REPUBBLICA DI MONTEFIORINO

Nino Colombari

 

 

    Nella primavera del 1944, come già in attività nelle province di Reggio Emilia e Bologna, il P.C.I. Modenese decise di creare un apparato militare sotto forma di bande armate e "gappiste’’ per la città, la bassa modenese e in diverse località dell’Appennino modenese. Per le zone di montagna venne scelto, quale comandante e responsabile politico, un comunista di Pavullo nel Frignano (MO) che assunse il nome di copertura "Armando’’ e diede vita alla Brigata Garibaldi Riveda.

        Nei mesi di giugno e luglio 1944 il Comando provinciale della G.N.R. di Modena decise di ritirare la Guardia Nazionale Repubblicana in molte località dell’Appennino modenese lasciando ai Carabinieri il controllo dell’ordine pubblico. Queste località dopo il ritiro del contingente della GNR vennero occupate dai partigiani comunisti comandati da Mario Ricci, detto "Armando’’.

    La notizia che importanti centri come Frassinoro, Polignago, Frignano ecc. non erano più presidiati dalle Guardie della GNR, divenne operativa ai primi di giugno 1944.

    I capi partigiani, sorpresi essi stessi dal precipitare della situazione, diedero ordine ai loro uomini di occupare i presidî che la GNR e i tedeschi avevano evacuato.

    L’unico comune della zona ancora presidiato dalla GNR era quello di Montefiorino, un grosso borgo di circa settemila abitanti.

    Il 13 giugno "Armando’’ fu così in grado di raggruppare le proprie bande nella prima divisione Garibaldi Modena. Allorché la sera del 15 giugno giunse la notizia che anche il presidio di Montefiore stava ripiegando.

    La notizia, prima della caduta di Roma e dello sbarco alleato in Normandia, creò nel campo partigiano uno stato di autentica ebbrezza. E si misero a giocare al nuovo Stato, con l’idea di contrapporre alla Repubblica di Mussolini una repubblica partigiana. Il 18 giugno 1944 il campanone di Montefiorino si mise a suonare a stormo, dando vita alla cosiddetta "repubblica di Montefiorino’’.

    La notizia che nella zona dell’Appennino modenese si era costituita una "zona libera’’ partigiana giunse anche al comando alleato. Ben presto, mentre cominciava l’afflusso di materiale bellico avio-lanciato dagli angloamericani, gli Ufficiali alleati, di concerto con Armando elaborarono un ambizioso piano operativo che doveva fare della "repubblica di Montefiorino’’ un elemento strategico decisivo nel quadro dell’affluenza verso la valle del Po.

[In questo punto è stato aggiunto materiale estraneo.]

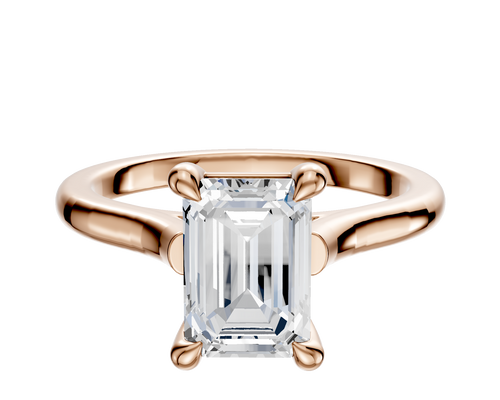 14K Rose Gold 4 Prong Basket Cathedral Dome 2.0mm Engagement Ring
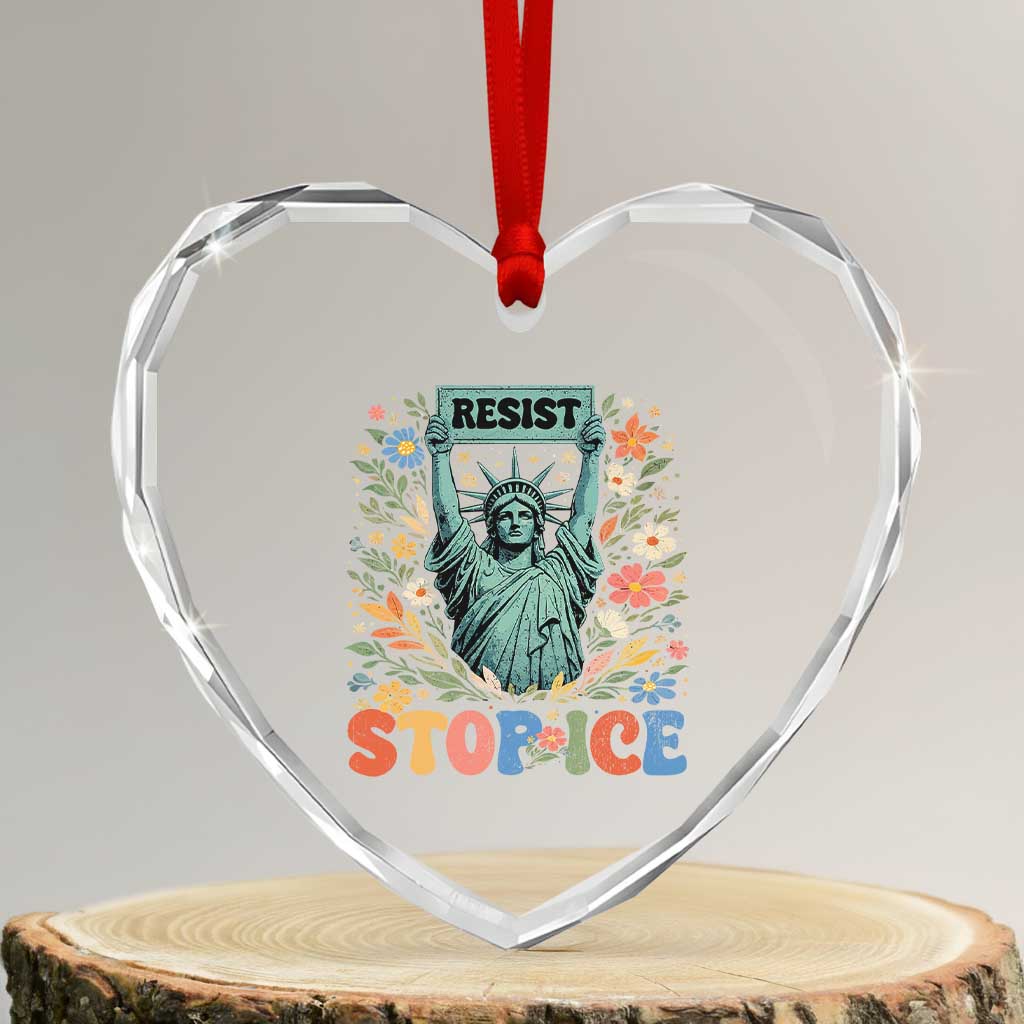 Stop ICE Heart Crystal Glass Ornament Funny Statue of Liberty Boho Floral Resist Retro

    I tedeschi erano giustamente allarmati da questa costituenda "fortezza’’ dietro le loro linee che metteva in pericolo tutto il loro schieramento sull’Appennino tosco-emiliano. Essi erano al corrente di ufficiali e tecnici alleati che collaboravano con l’ "Armando’’.

    La cosiddetta "fortezza di Monte-fiorino’’ era composta esclusivamente di ex prigionieri sovietici al comando di A.V. Tarasov, un comunista russo che dopo l’8 settembre era rimasto per alcune settimane nella fattoria dei fratelli Cervi a Campegine di Reggio Emilia. Dopo l’arresto dei fratelli Cervi, Tarasov si era portato nel modenese con il concorso di altri suoi connazionali e aveva costituito il "battaglione sovietico’’ dotato di un armamento più scelto e potente rispetto a quello delle bande partigiane italiane.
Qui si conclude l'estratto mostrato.